___ DATA FOR THIS TASK ___
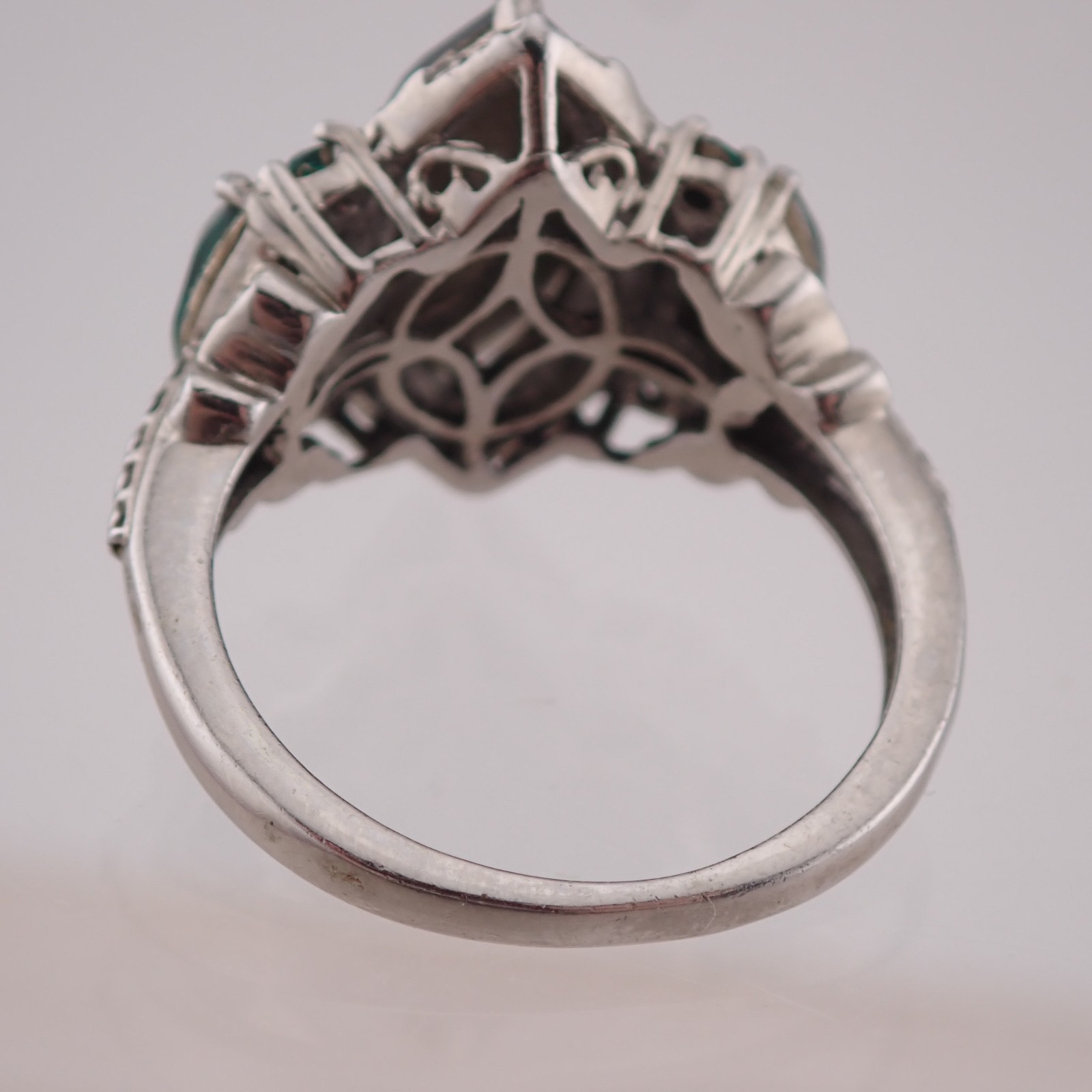 VTG Karis STS Green Marquise Crystal w Accents Silver Tone Size 7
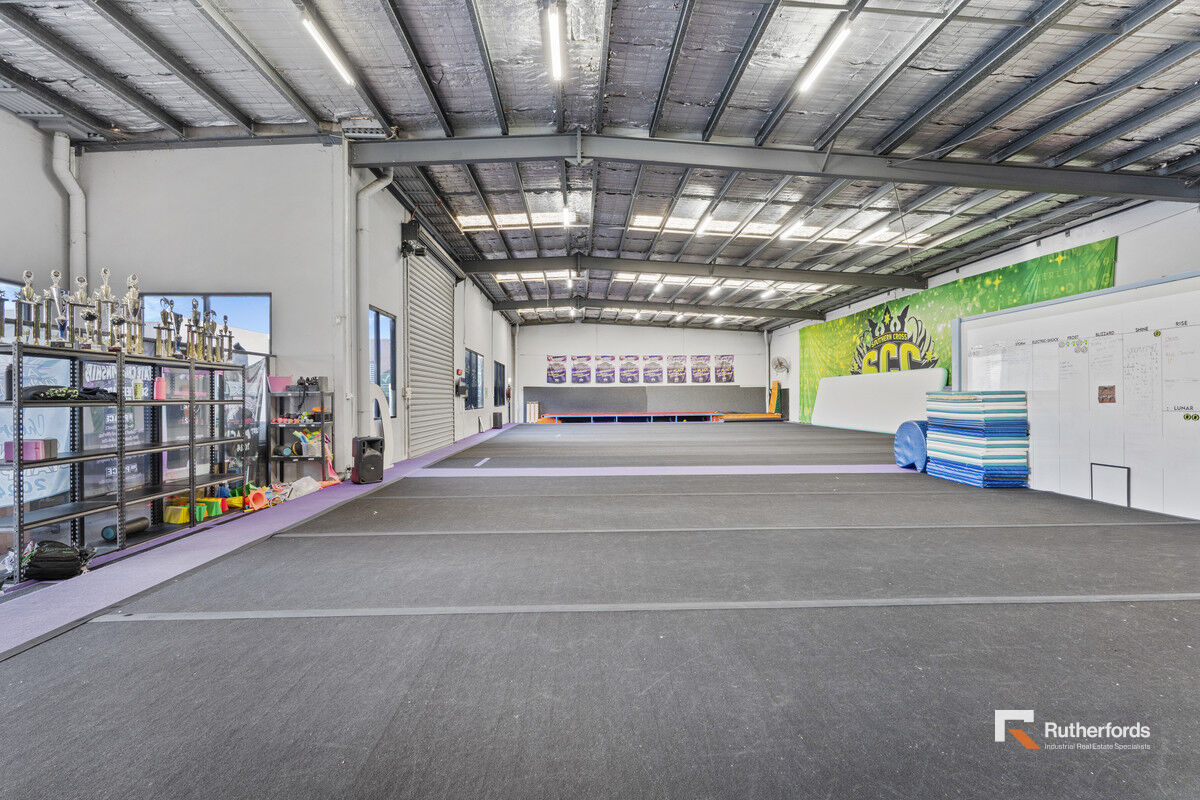 Modern Office Warehouse | Airport Precinct Location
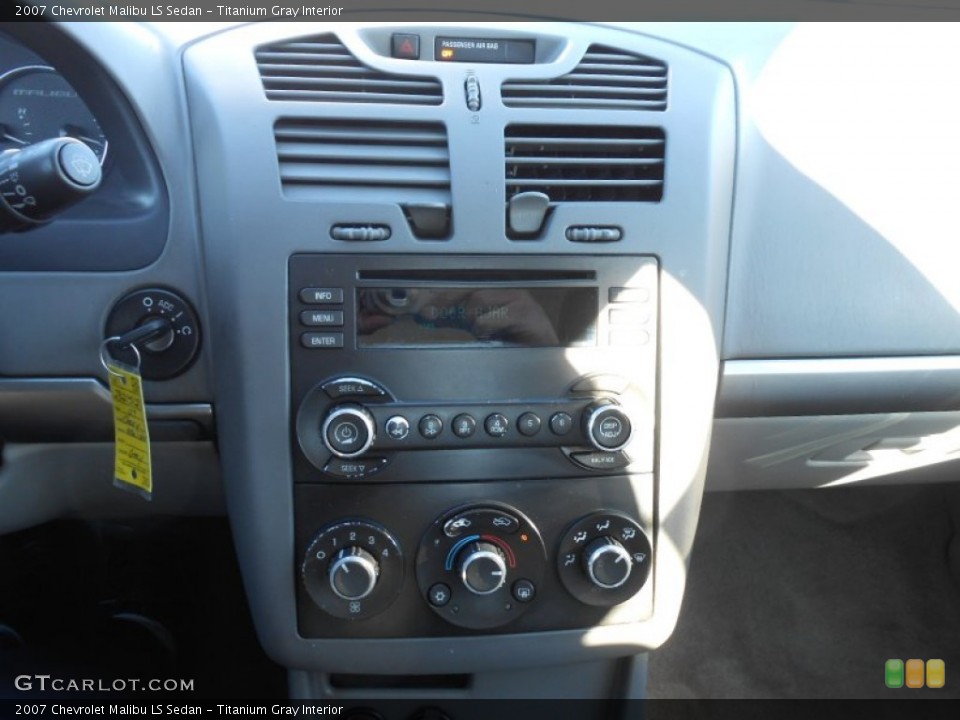 Titanium Gray Interior Controls for the 2007 Chevrolet Malibu LS Sedan #76817793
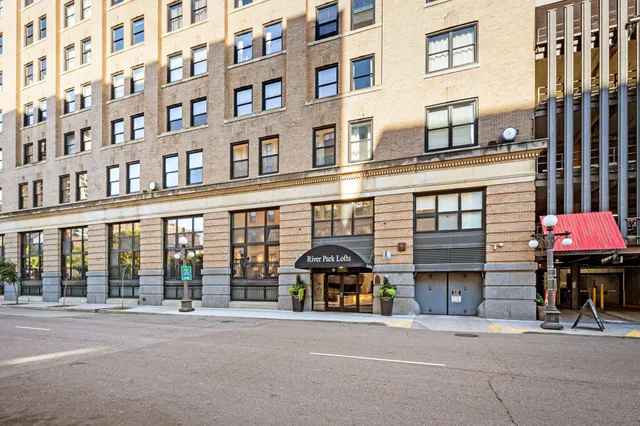 $419,900 | 406 Wacouta Street, Unit 107, St. Paul, MN 55101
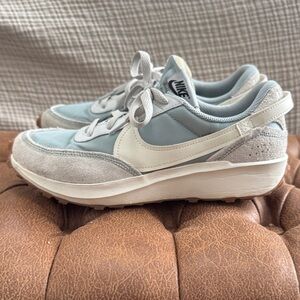Nike Waffle Debut sneaker womens 9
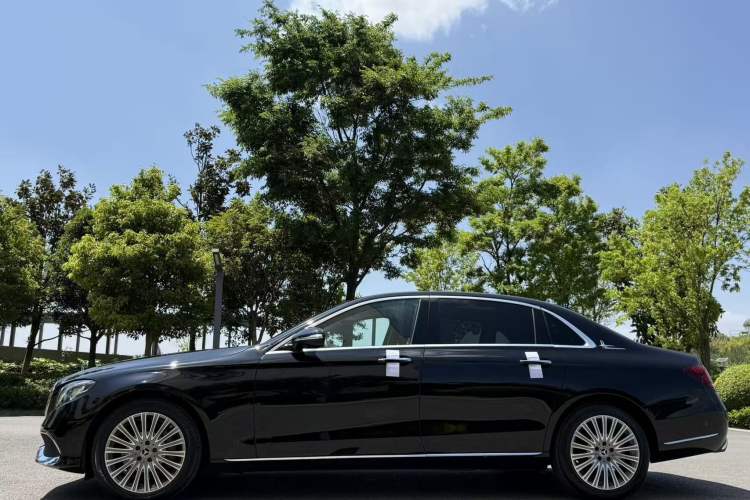 Used Mercedes-Benz E-Class 2020 E 300 L Stylish Model Exterior 2
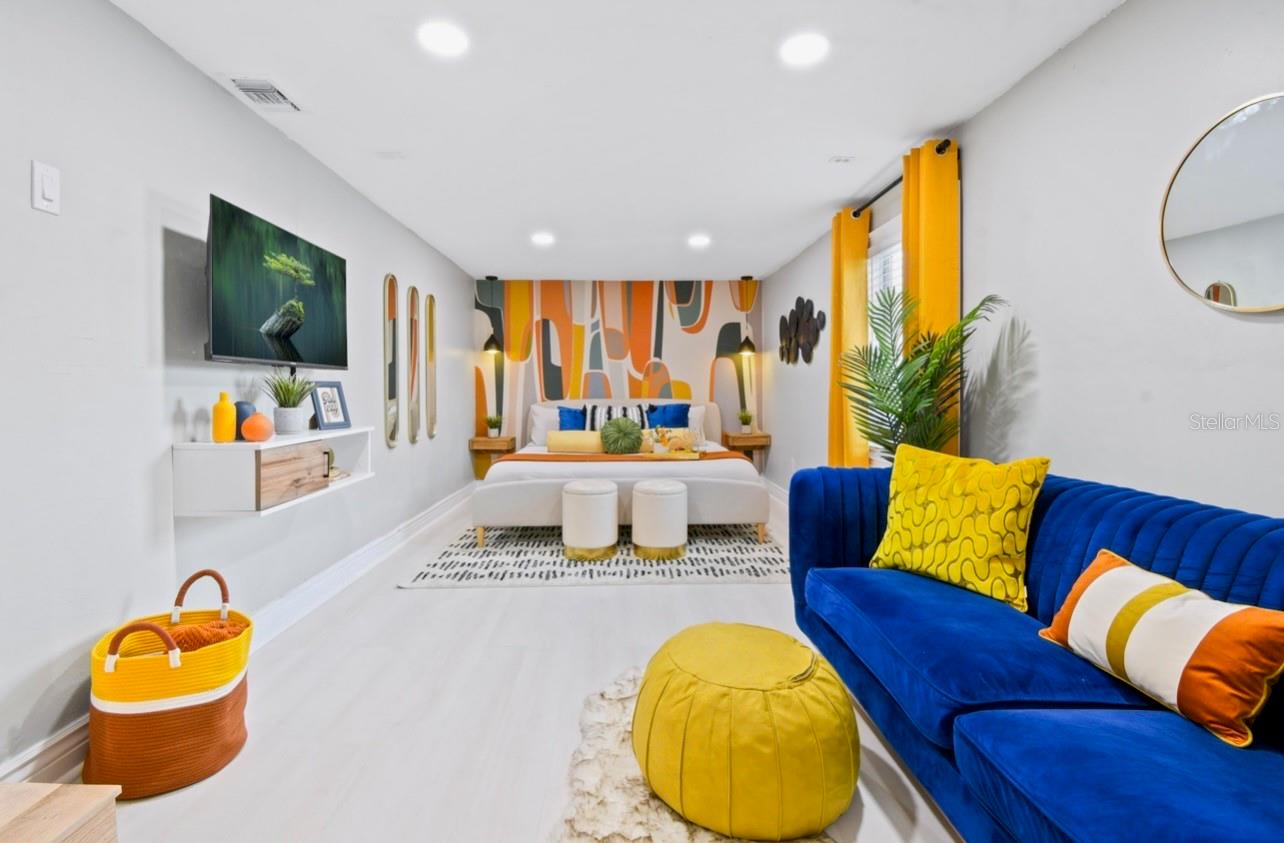 SUNSET GARDENS - Residential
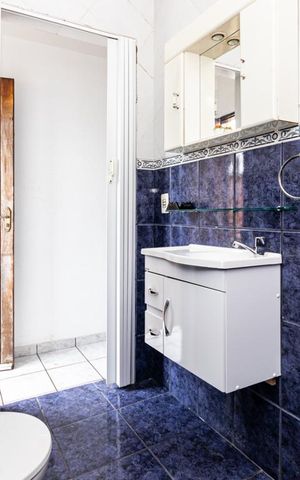 Casa à venda com 350m², 3 quartos e 2 vagas Casa à venda com 350m², 3 quartos e 2 vagasBanheiro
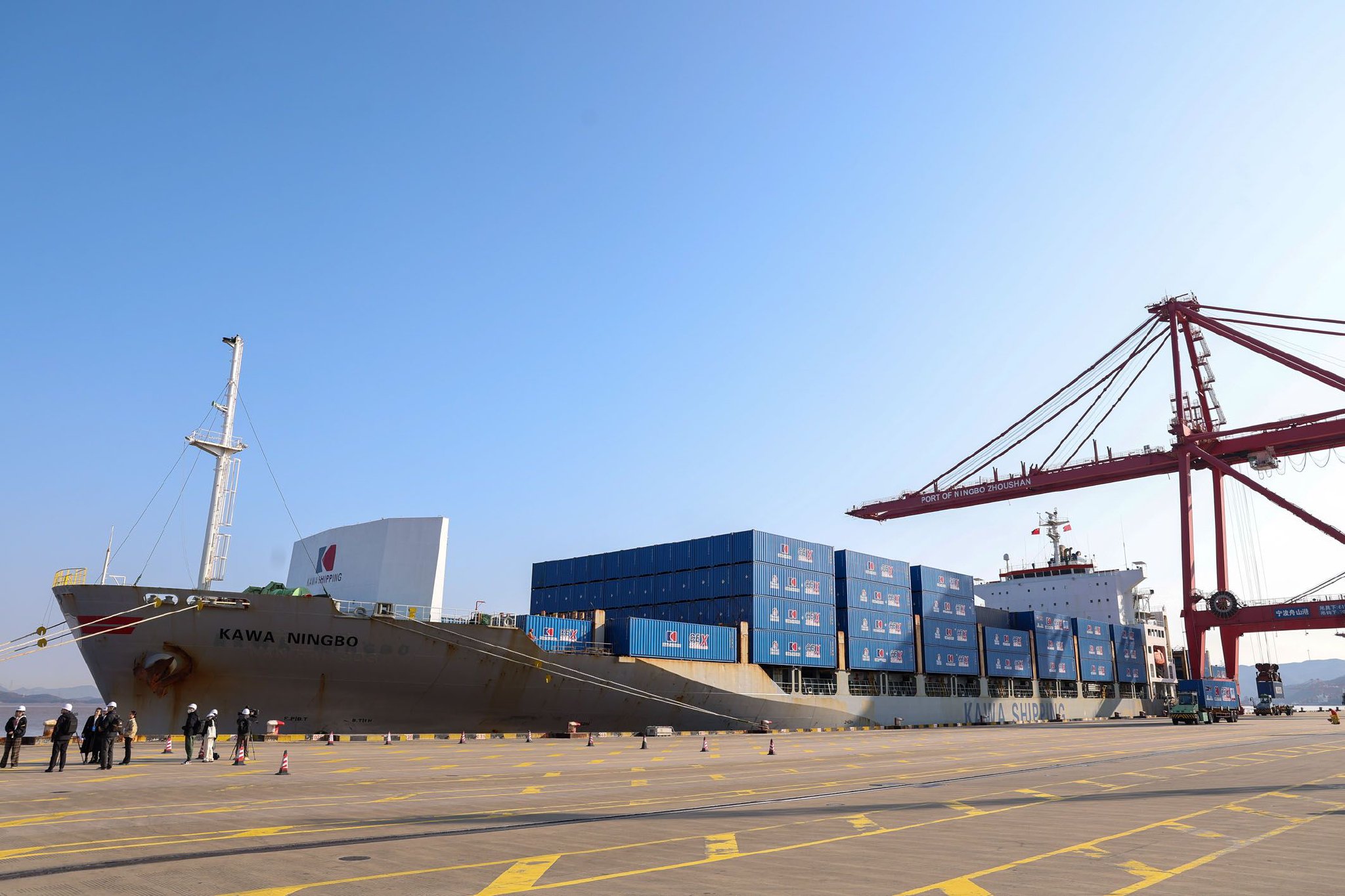 图为装载着1700余个集装箱新能源产品与跨境电商货物的“嘉华宁波”轮停泊在浙江宁波舟山港穿山港区。资料照片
___
## TASK REQUIREMENTS
For this exercise, reproduce the data above exactly from the line containing "Nike Waffle Debut sneaker womens 9" through its final line, both ends included, with no pictures in the copy.

## YOUR RESPONSE
Nike Waffle Debut sneaker womens 9
 Used Mercedes-Benz E-Class 2020 E 300 L Stylish Model Exterior 2
 SUNSET GARDENS - Residential
 Casa à venda com 350m², 3 quartos e 2 vagas Casa à venda com 350m², 3 quartos e 2 vagasBanheiro
 图为装载着1700余个集装箱新能源产品与跨境电商货物的“嘉华宁波”轮停泊在浙江宁波舟山港穿山港区。资料照片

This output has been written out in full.